→ **What is needed**:
Of the lines in the material below, print only those from the one containing "Hastanedeki radyoloji bölümünde" to the one containing "Dr.Hải Lê: Địa", ends included, exactly as written and without pictures.

→ **Data supplied**:
········

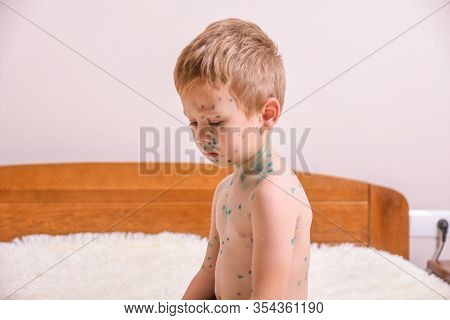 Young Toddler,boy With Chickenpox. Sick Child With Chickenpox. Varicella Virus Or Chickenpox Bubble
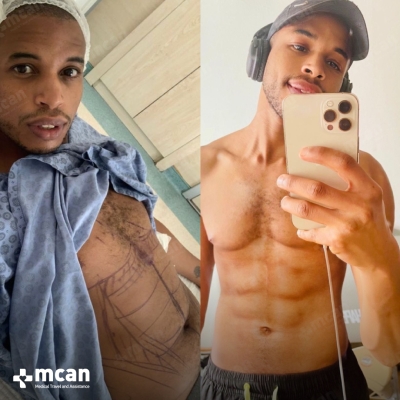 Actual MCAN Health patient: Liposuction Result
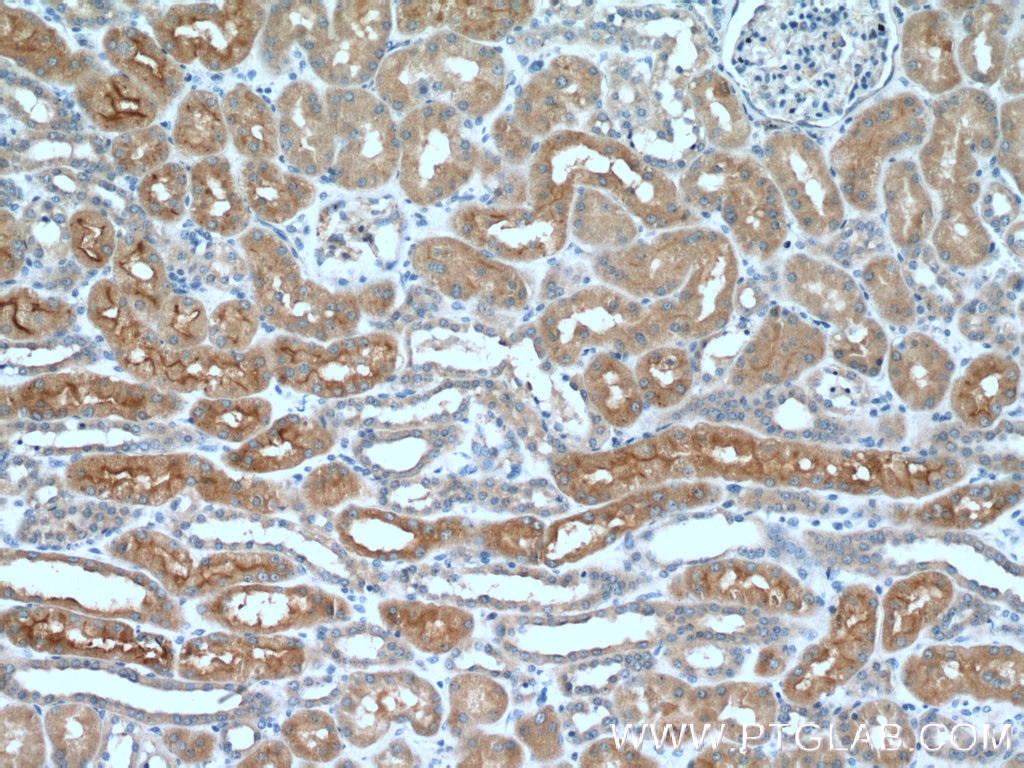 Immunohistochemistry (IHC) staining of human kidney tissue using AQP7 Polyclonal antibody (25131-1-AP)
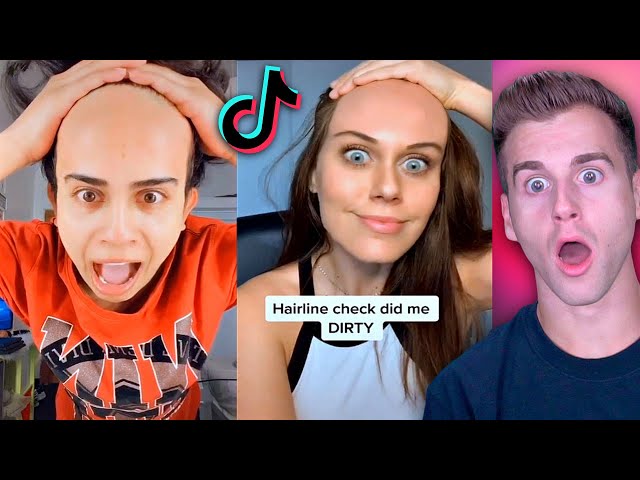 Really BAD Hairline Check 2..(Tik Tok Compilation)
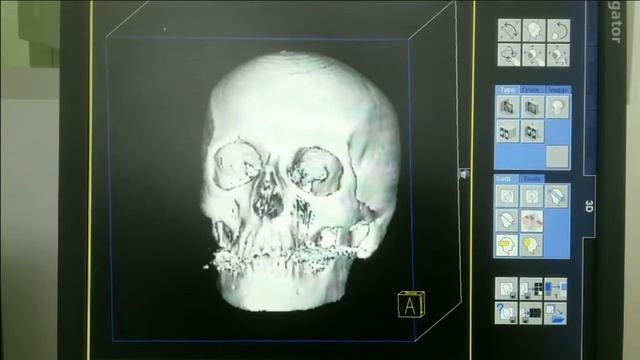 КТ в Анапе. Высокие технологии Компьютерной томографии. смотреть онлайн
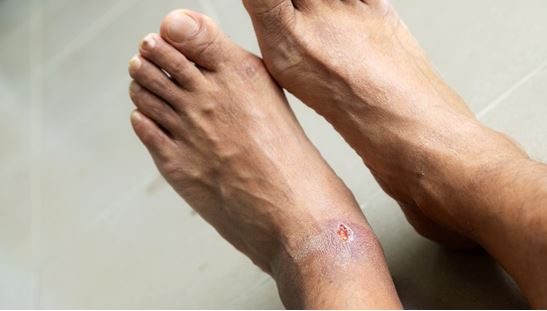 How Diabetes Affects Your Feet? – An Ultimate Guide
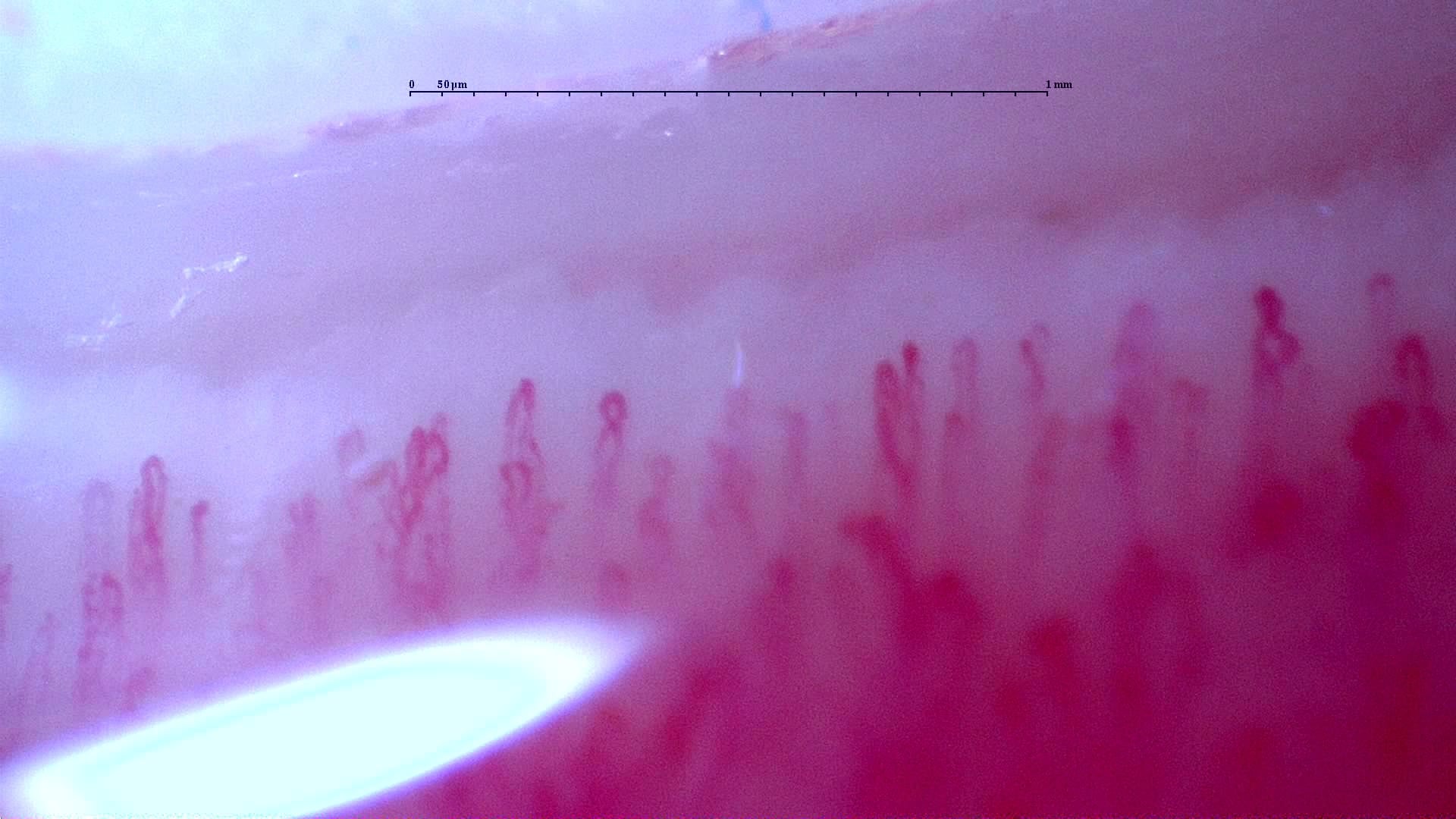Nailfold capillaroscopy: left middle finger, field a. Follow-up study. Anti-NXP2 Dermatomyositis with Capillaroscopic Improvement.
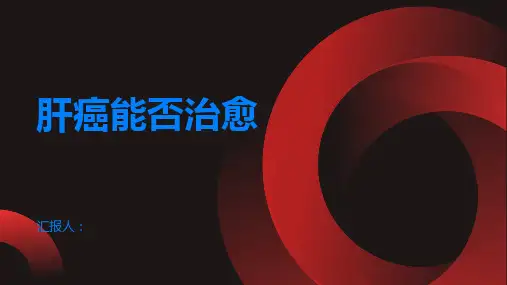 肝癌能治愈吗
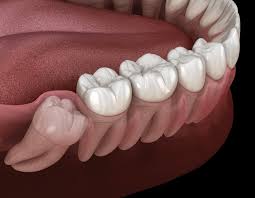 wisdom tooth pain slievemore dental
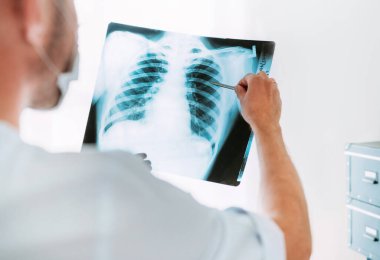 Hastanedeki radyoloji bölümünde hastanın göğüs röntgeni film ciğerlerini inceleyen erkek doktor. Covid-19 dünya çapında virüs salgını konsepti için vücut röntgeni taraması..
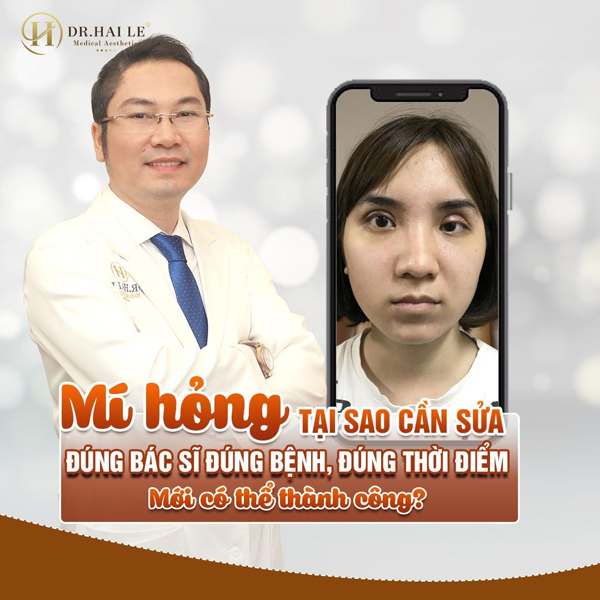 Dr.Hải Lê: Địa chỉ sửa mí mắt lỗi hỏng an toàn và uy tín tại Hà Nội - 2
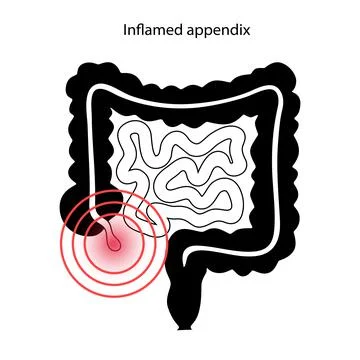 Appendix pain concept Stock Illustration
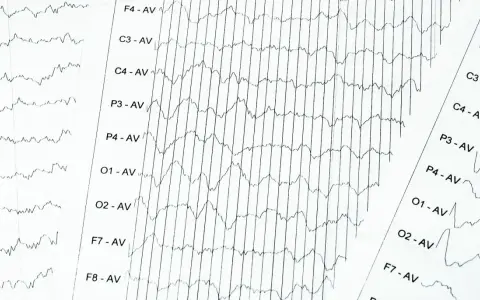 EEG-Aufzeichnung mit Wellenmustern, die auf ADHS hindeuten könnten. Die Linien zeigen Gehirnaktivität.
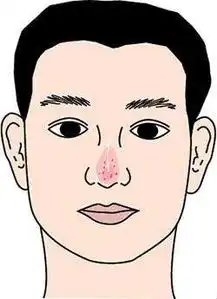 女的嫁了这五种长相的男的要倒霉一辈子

········

→ **Exercise result**:
 Hastanedeki radyoloji bölümünde hastanın göğüs röntgeni film ciğerlerini inceleyen erkek doktor. Covid-19 dünya çapında virüs salgını konsepti için vücut röntgeni taraması..
 Dr.Hải Lê: Địa chỉ sửa mí mắt lỗi hỏng an toàn và uy tín tại Hà Nội - 2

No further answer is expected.